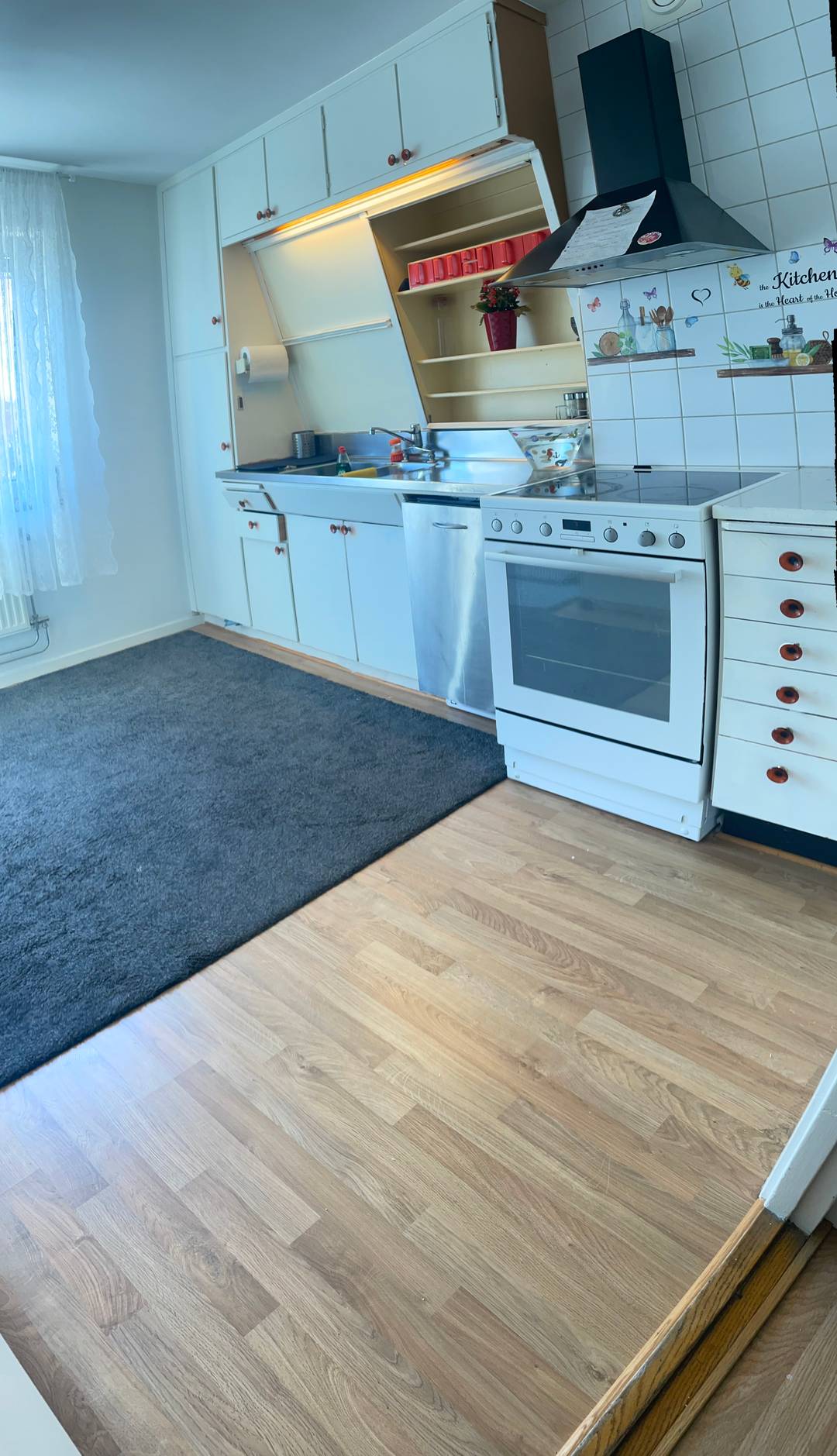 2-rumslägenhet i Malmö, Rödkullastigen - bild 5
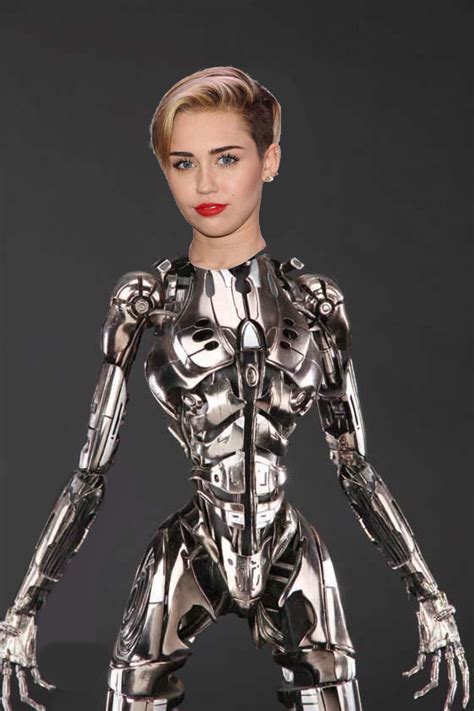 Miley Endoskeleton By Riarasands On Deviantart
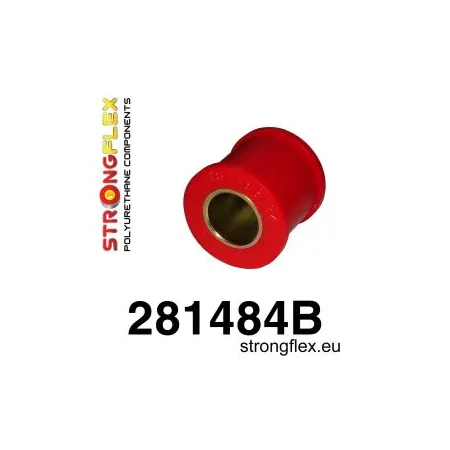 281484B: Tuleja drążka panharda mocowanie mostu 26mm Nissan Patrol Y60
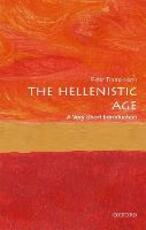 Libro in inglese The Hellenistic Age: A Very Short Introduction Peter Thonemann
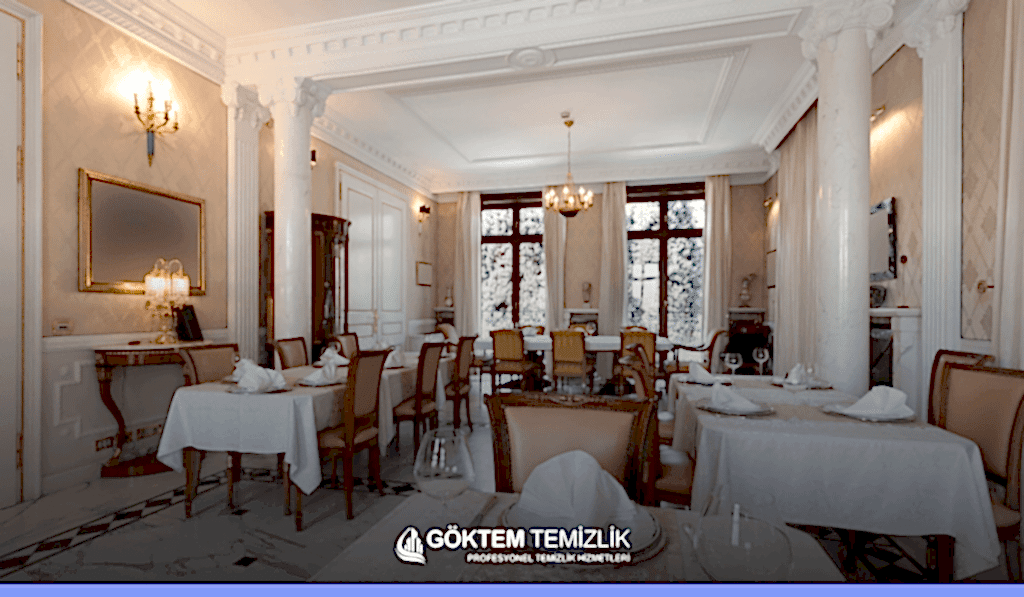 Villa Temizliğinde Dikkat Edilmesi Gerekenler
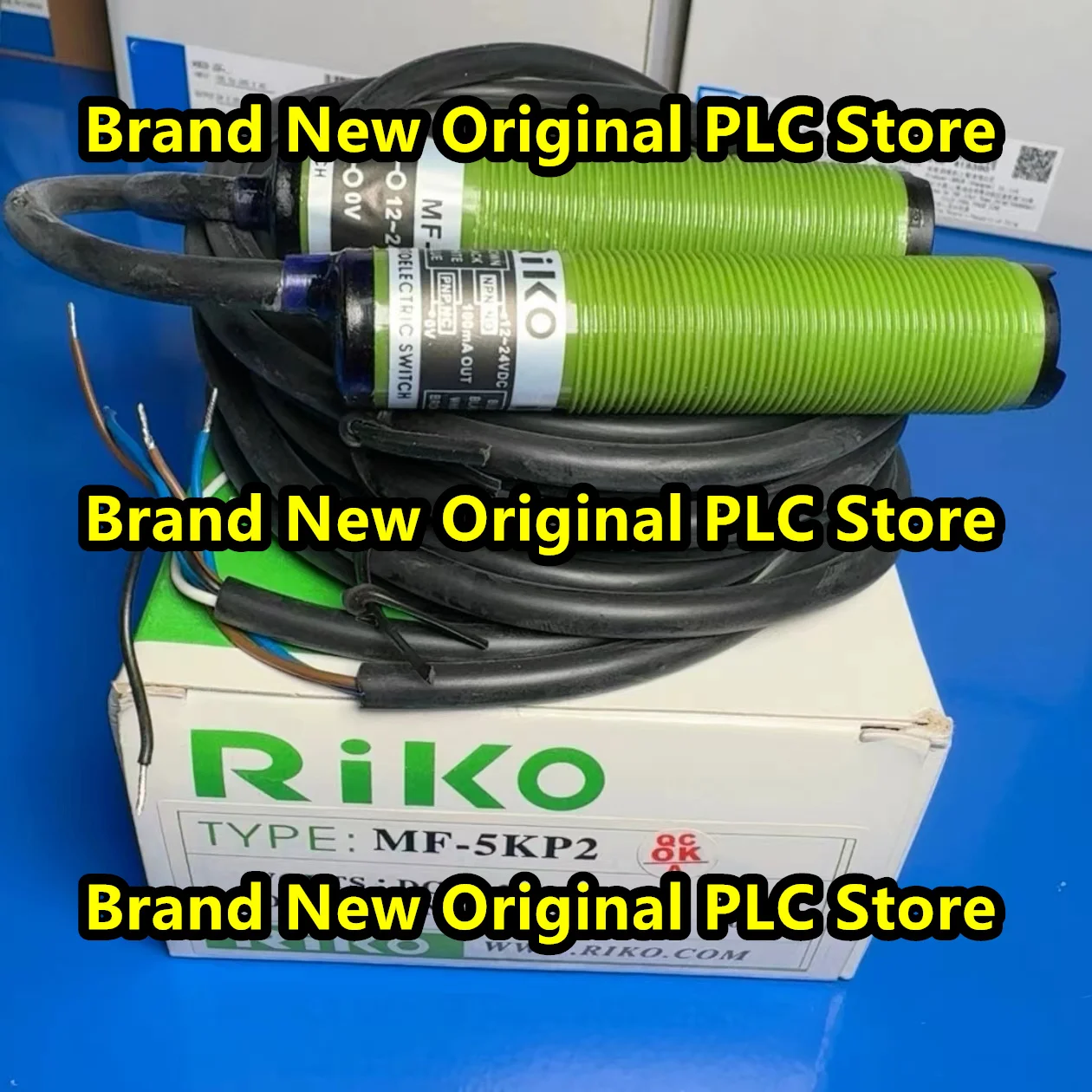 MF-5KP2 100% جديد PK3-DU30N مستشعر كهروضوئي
- - - - -
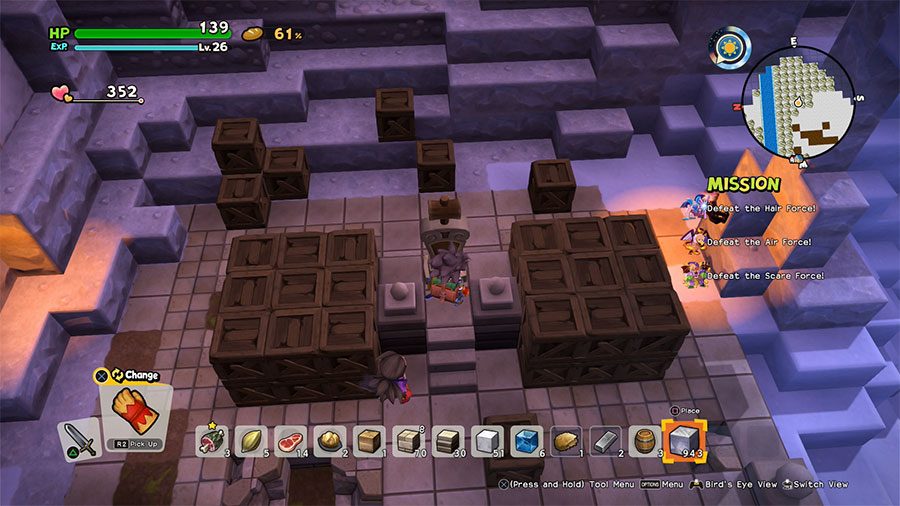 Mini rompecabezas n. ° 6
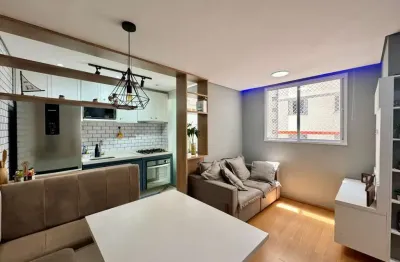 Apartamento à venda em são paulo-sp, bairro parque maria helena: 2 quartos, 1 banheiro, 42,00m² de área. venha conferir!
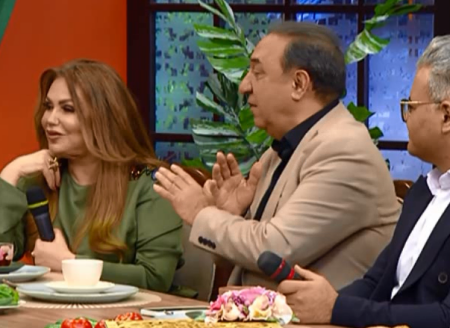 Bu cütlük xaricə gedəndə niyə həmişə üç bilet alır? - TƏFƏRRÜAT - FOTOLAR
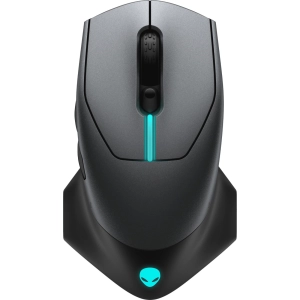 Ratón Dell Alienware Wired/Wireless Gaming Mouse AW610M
- - - - -
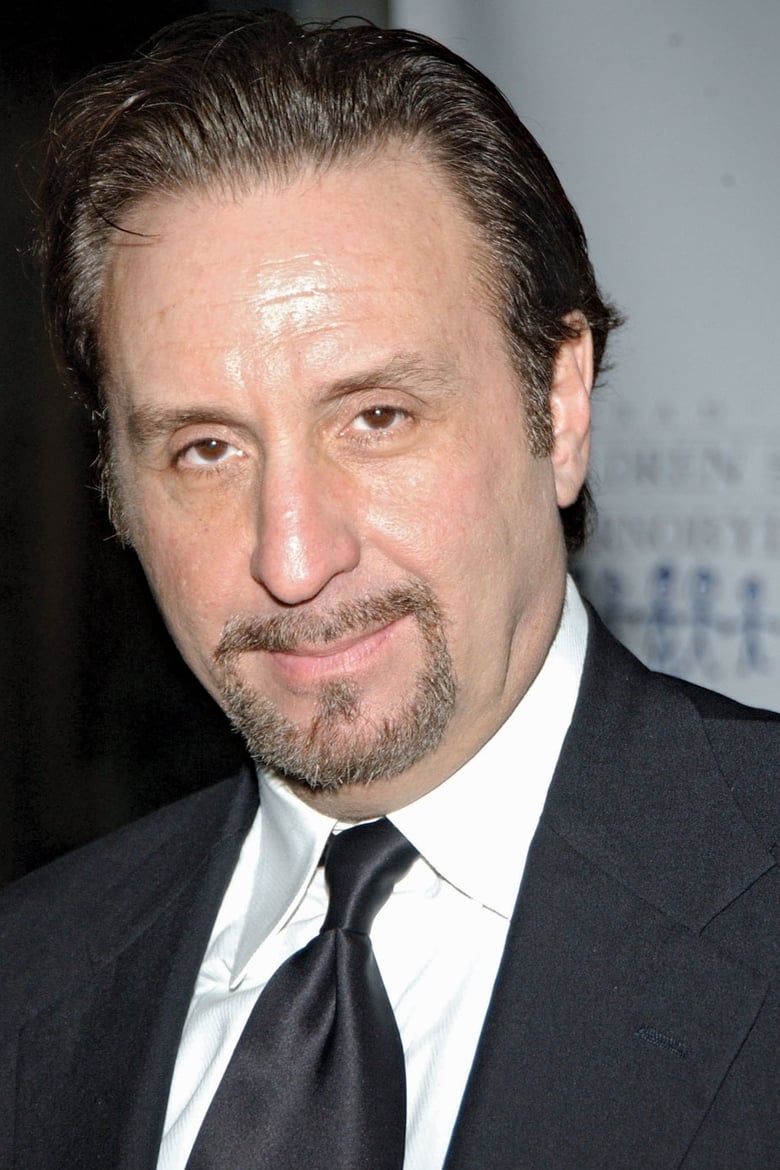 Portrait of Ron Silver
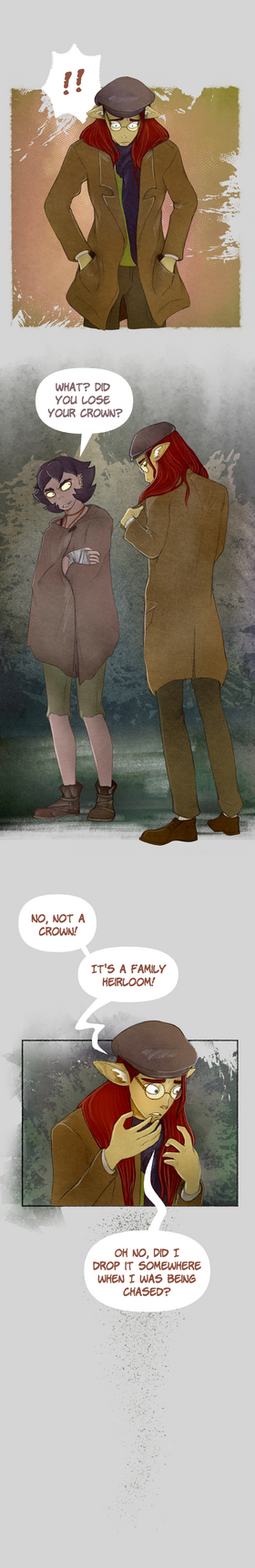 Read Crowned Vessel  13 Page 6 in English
- - - - -
▸ **WORK INSTRUCTION**
Your answer should consist of the lines above between those holding "2-rumslägenhet i Malmö, Rödkullastigen" and "MF-5KP2 100% جديد PK3-DU30N مستشعر كهروضوئي", inclusive, reproduced word for word and without pictures.

▸ **ANSWER TO THE PROBLEM**
 2-rumslägenhet i Malmö, Rödkullastigen - bild 5
 Miley Endoskeleton By Riarasands On Deviantart
 281484B: Tuleja drążka panharda mocowanie mostu 26mm Nissan Patrol Y60
 Libro in inglese The Hellenistic Age: A Very Short Introduction Peter Thonemann
 Villa Temizliğinde Dikkat Edilmesi Gerekenler
 MF-5KP2 100% جديد PK3-DU30N مستشعر كهروضوئي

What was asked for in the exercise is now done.